As the afternoon progressed at the Goafest Advertising Conclave held at the Zuri White Sands, Goa, the third session on April 7 saw Colvyn Harris, chief executive officer, JWT India talking about how advertising agencies must approach work. Joining Harris was Rohini Abraham, senior vice-president, PQR, a specialist unit of IMRB International, who presented the findings of in-depth interviews conducted with senior industry leaders.
Harris began by saying that he is a believer in the power of brands.
Harris said that while there shall always be problems, things will change only if agencies collectively decide to take action.
He remarked that agencies must put the client, brand and the business at the centre of everything and offer honest advice and solutions to the advertiser, instead of what is profitable.
In particular, Harris spoke of the social media, which has seen unprecedented growth and pointed out that it is the users in the social media space that need to be focussed on. "Maybe, we fear that there would not be enough revenue to earn out of it, but see it from the client's perspective," he said.
Saying that people will always chase brands, he further stressed on brand power. "Brands will always play a crucial role - and as long as brands do that, agencies will continue to play a crucial role," Harris said.
Abraham presented the IMRB findings. To arrive at a consensus on the challenges ahead, both advertisers and agencies were spoken to. "When we spoke to clients and agencies, we found that the issues were not different, but the perspectives were," she said.
The biggest issue turned out to be talent. While agencies said that it has become increasingly hard to attract and retain talent, advertisers, while acknowledging the problem, were of the view that agencies do not have the processes to address the issue.
Going forward, while agencies pointed out that the current remuneration is pressing the bottom line, impacting talent acquisition and retention, advertisers said that they are always ready to re-negotiate, provided they are assured adequate value.
During the course of the interviews, agencies also suggested that they could be a part of the advertisers' profits by putting a value to ideas. Advertisers welcomed the thought, asking how agencies planned to do the same.

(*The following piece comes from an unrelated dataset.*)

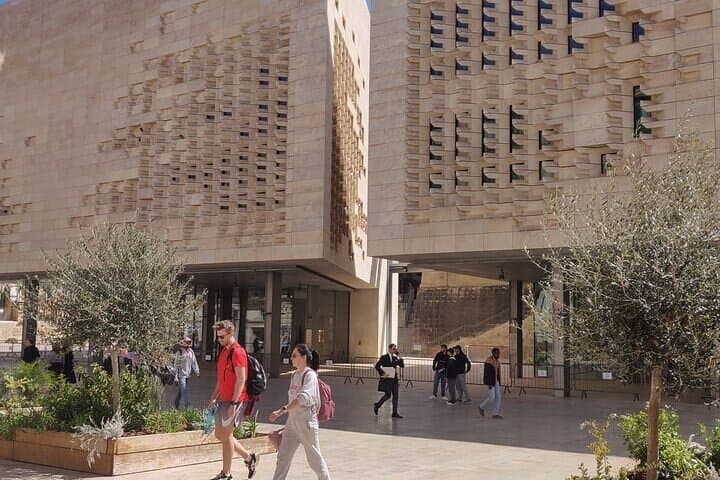 Valletta Grand Tour: Private Walk & Harbour Dgħajsa Cruise photo 3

Regarding consumer understanding, advertisers were of the view that neither agencies nor companies understand consumers. Agencies, however, said that consumer understanding is restricted by time and resource.

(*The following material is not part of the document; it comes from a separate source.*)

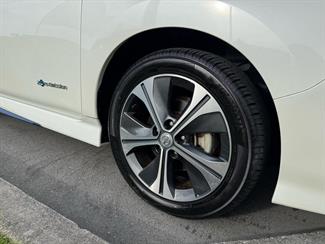 2018 Nissan LEAF - Thumbnail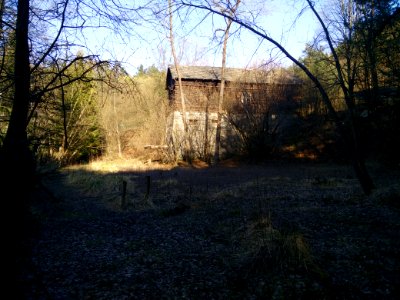 Młyn podpolis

At this point, Harris said, "We do not really know the consumer. We know Mumbai, Kolkata, Delhi, but not the consumer. Why should the client pay if the agency does not know any more than what even a housewife probably knows?"
The perspectives of the agency and the advertiser on new media were also discussed. While both agreed that it is an emerging platform, agencies were of the view that television still remains the main medium and the advertiser was concerned about what the agency is doing to put the brand in the centre.

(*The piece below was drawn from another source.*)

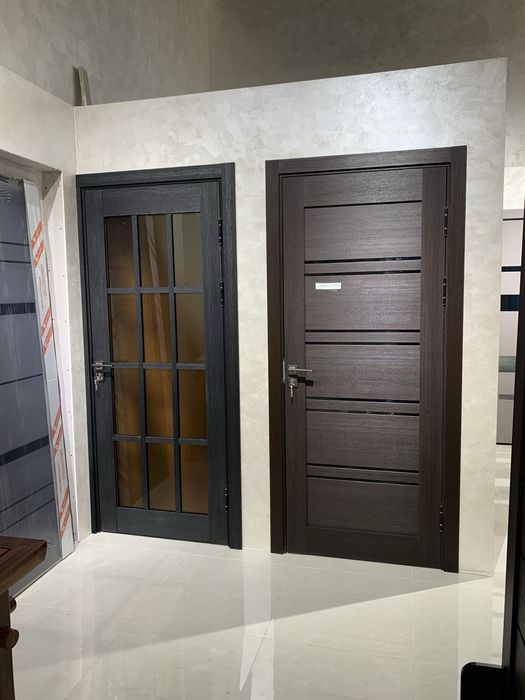 Vitrina eshiklar sotiladi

Other issues discussed included the business of deconstructing offerings and increasing specialisation. Agencies obviously said that specialisation is good for the industry, facilitating greater focus and market growth. Clients, however, revealed that while specialisation works well, it is a source of confusion.
Closing the session, Harris said that talent, consumer-centricity, creativity, digital and technology, and integrated communication are the factors that will drive the future for agencies.
He reiterated the need to pay maximum attention to the brand, business and the advertiser, and focus on the long-term, rather than having short-term perspectives.
"Everyone read the newspaper today. How many of you can really remember an ad though? That is the sadness of this industry," remarked Harris. "If you do not have the excitement of this profession, do not be in it. What advertising today needs is 'one tight slap'. Get out of the slumber and do something new," Harris said at the end of the session.